На траве там и сям виднелись уже подсохшие большие пятна крови, множество клочьев оранжевой ткани, защитный шлем с открытым забралом, мелкие осколки костей. От такого зрелища тошнота так и подкатила к горлу. Запах тоже был соответствующий — тяжелый, уже отдававший пропастиной. Привычные к подобным зрелищам военные рассредоточились и принялись обыскивать кусты рядом, а Комаров достал фотоаппарат и сделал несколько снимков места трагедии.

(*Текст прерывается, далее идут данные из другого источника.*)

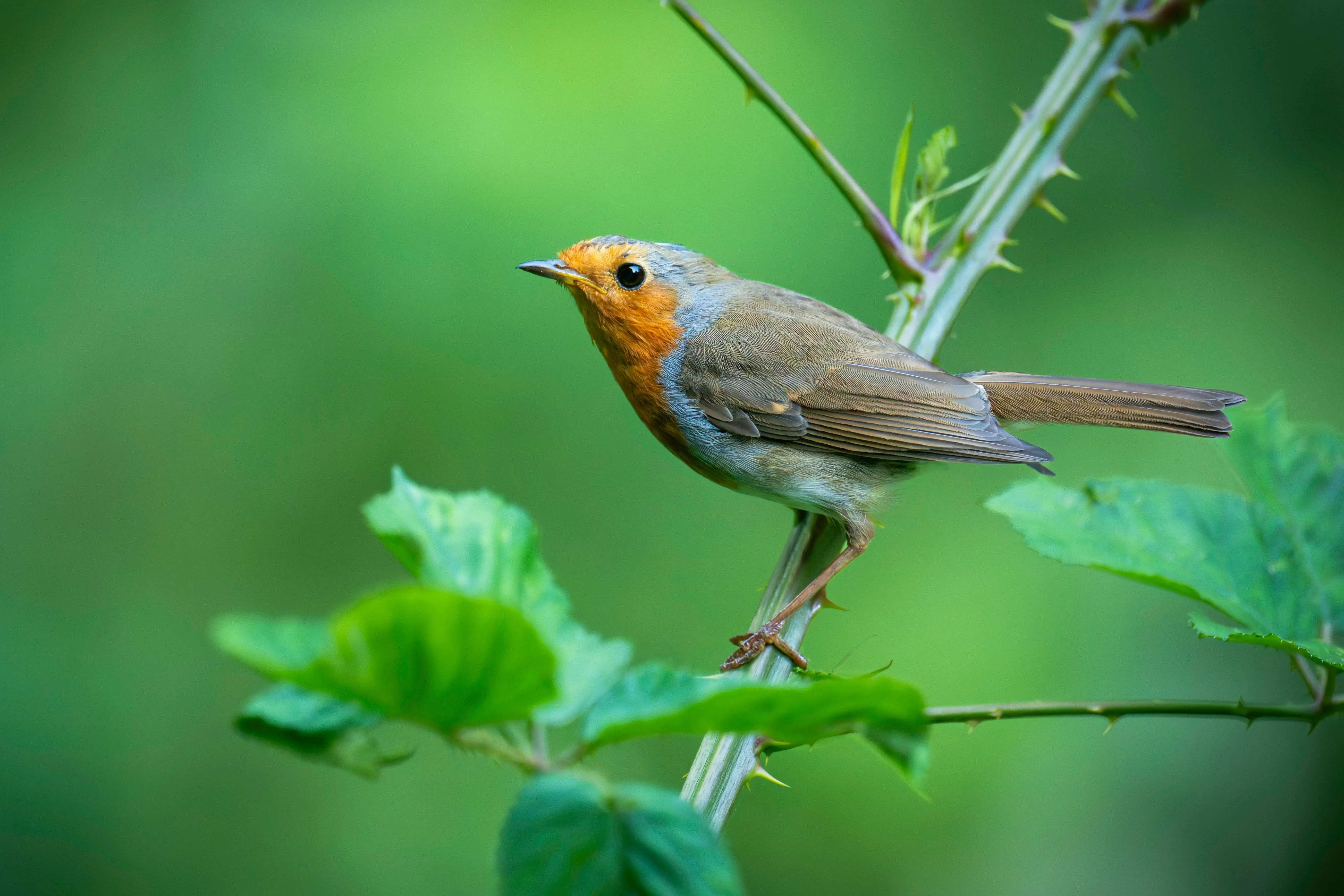 Robin perched on thorny foliage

Экспедиция погибла. Но в полном ли составе? Судя по словам Литвинова, да и соответствуя логике, останки на поляне принадлежат только одному человеку: Павлу Степаненко. А куда тогда девался Шрам? И Джина? Если группа угодила под Выброс, то погибнуть должны были все. И кто тогда растерял собак, которые пожирали тут труп ученого? Комаров знал, что Болота кишат бандитами и разными отморозками. И заявились они сюда, скорее всего, уже после Выброса, перебили падальщиков в надежде чем-то поживиться. А потом ушли, увидев, что брать-то уже нечего. А Шрам и женщина? Может?…

Размышления Комарова прервал крик одного из военных, занявшего позицию возле вагона. Приникнув к окуляру снайперской винтовки, боец следил за кем-то вдалеке.

Все подбежали к нему, Литвинов извлек мощный цифровой бинокль, поднес к глазам. И выругался, не стесняясь в выражениях, после чего протянул прибор Комарову.

Расстояние в примерно километр было совсем даже не помехой для хорошего бинокля, и фигуру в оранжевом костюме Комаров увидел как если бы она была в десятке шагов от него. Джина Кролл медленно брела по болотистой земле, то и дело проваливаясь по щиколотку и медленно, как бы нехотя освобождая ноги. Походка всегда энергичной, спортивной женщины теперь напоминала движение кое-как передвигавшегося наполовину парализованного инвалида. Или плохо сделанного робота. Голова Джины, непокрытая защитным шлемом, вяло свешивалась набок, темные волосы торчали в разные стороны, похоже, уже заляпанные болотной грязью. Женщина явно брела без определенной цели, сама не зная куда и зачем.